By Robin G. Jordan
One way the type of organization like the one that I advocated in yesterday’s article might champion the Reformation heritage of the Anglican Church is to establish and maintain a register of clergy who stand in that heritage—clergy who are confessional Anglicans, who genuinely subscribe to the Biblical and Reformation doctrine and principles embodied in the Anglican formularies, and who are committed to the preservation of the Anglican Church’s Reformation heritage and the advancement of its protestant and reformed beliefs and convictions. Such a register would be a useful resource for participating churches looking for a new pastor or staff member.
The organization could also monitor the clergy selection and licensing process of the dioceses of participating churches and investigate and document cases where bishops rejected a participating church’s choice of pastor on basis of his adherence to these beliefs and convictions or denied licensure to a pastor or staff member for the same reason. Such cases could be brought to the attention of the Global Fellowship of Confessing Anglicans and its leaders and used to build a case for intervention in the Anglican Church in North America.

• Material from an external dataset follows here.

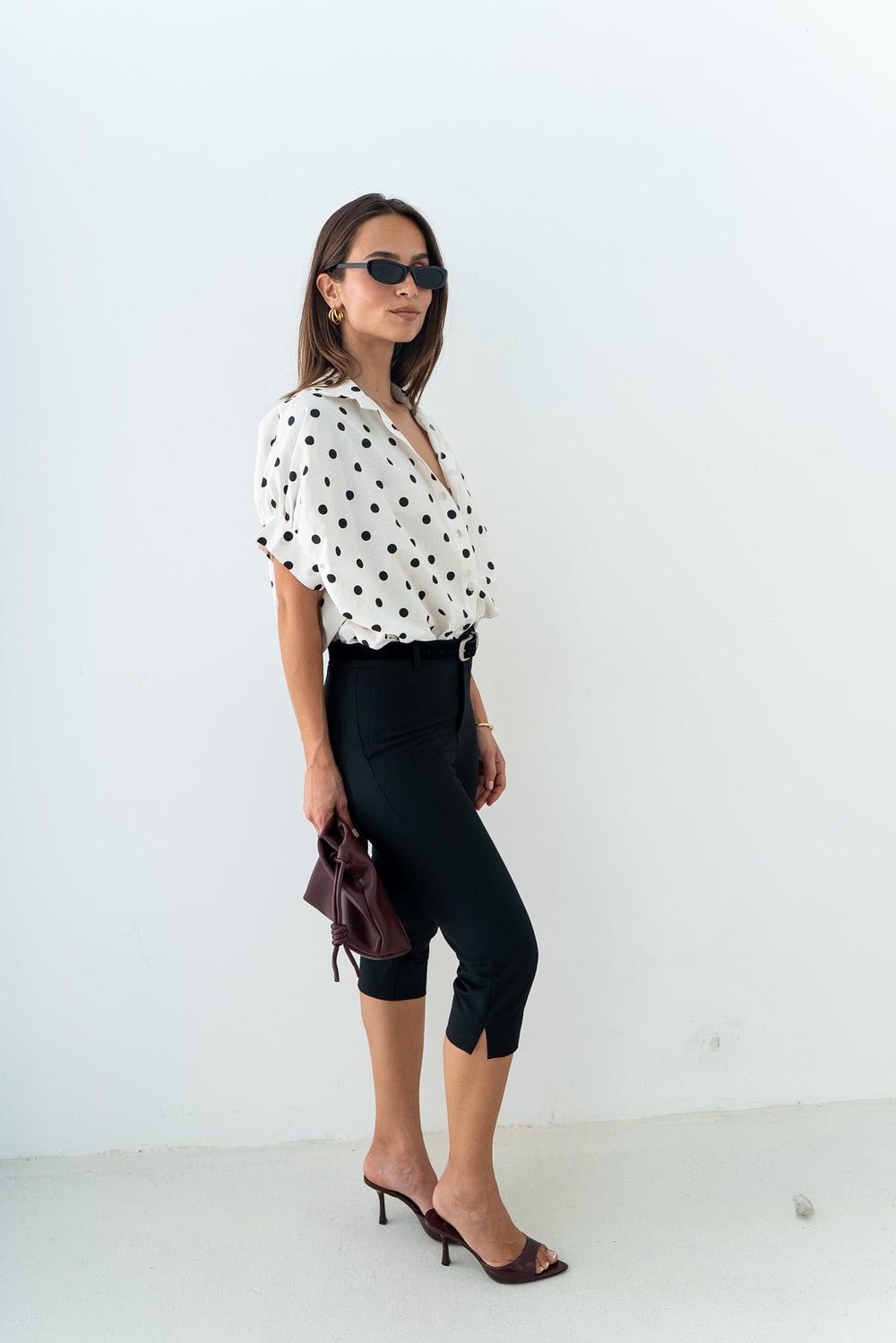 CHEMISE DANA - CHEMISE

The organization could similarly monitor the process for selecting and training candidates for ordination in these judicatories, investigating and documenting cases where a judicatory discriminates against a postulant or candidate for ordination on the basis of his adherence to the same beliefs and convictions. It could also investigate and document cases in which those training for ordination are discouraged or prevented from studying the Reformation heritage of the Anglican Church under teachers who are sympathetic to that tradition or are required to undergo instruction in teaching and practices not consistent with the Bible and the Anglican formularies under teachers who are unsympathetic to the Anglican Church’s Reformation heritage. This documentation could also be used to build a case for GFCA intervention.
The organization could develop a supplemental curriculum of its own to compensate for defects in the training of candidates for ordination as such training relates not only to the Anglican Church’s Reformation heritage but also to the Bible and the Anglican formularies.
In the absence of GFCA intervention the evidence of discrimination against Reformation heritage Anglicans gathered in the monitoring process would be helpful to the participating churches in determining what should be their next course of action.
These five benefits are not the only benefits that Reformation heritage Anglicans in the Anglican Church in North America would gain from organizing. However, they are important ones. What other benefits can you think of?